Start of EXERCISE DATA
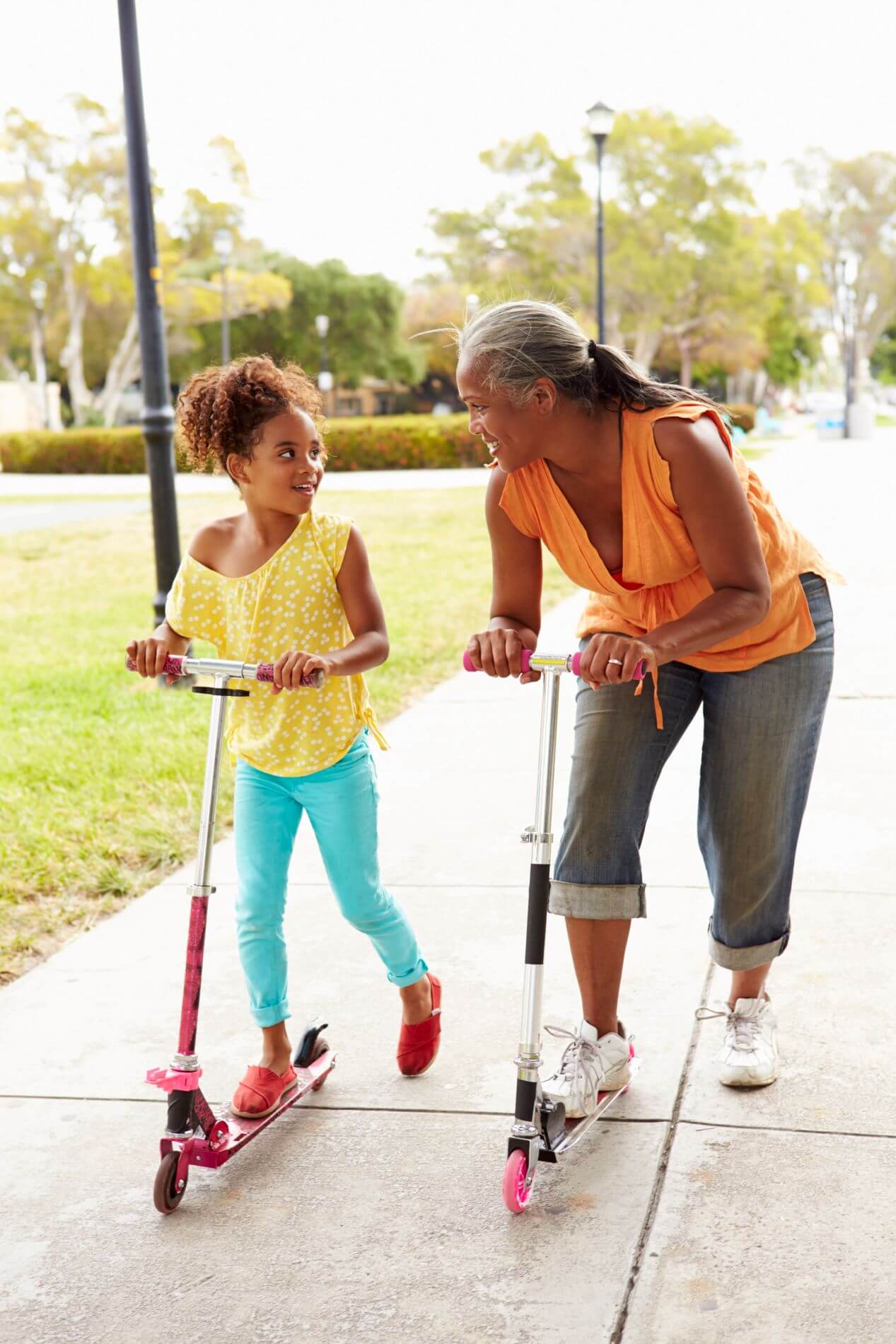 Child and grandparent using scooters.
End of EXERCISE DATA
Start of EXERCISE DATA
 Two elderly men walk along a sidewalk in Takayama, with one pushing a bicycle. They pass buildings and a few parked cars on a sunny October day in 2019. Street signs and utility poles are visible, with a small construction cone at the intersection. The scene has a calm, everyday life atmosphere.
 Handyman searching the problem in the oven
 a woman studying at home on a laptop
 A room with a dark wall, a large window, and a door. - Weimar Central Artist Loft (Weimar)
End of EXERCISE DATA
Start of EXERCISE DATA
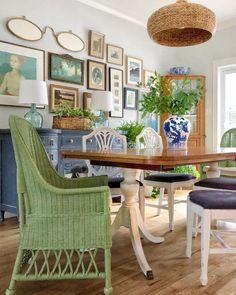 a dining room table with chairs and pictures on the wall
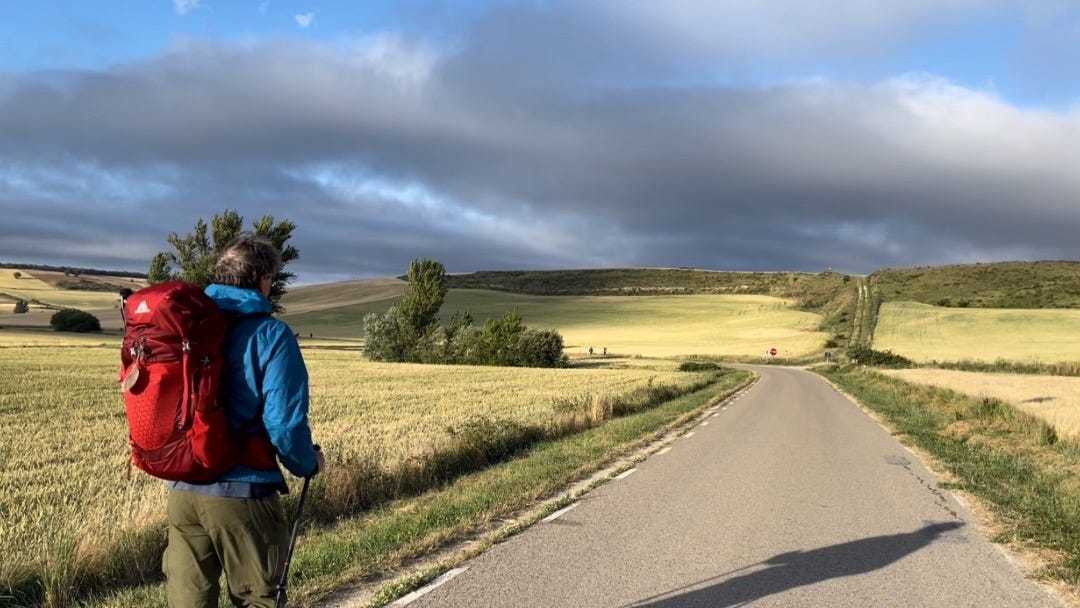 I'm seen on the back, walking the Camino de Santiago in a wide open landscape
End of EXERCISE DATA
EXERCISE PROMPT → Find the line with "a dining room" in the entries above. Set down exactly every line from it up to and including the line with "I'm seen on", images excluded.

ANSWER →
 a dining room table with chairs and pictures on the wall
 I'm seen on the back, walking the Camino de Santiago in a wide open landscape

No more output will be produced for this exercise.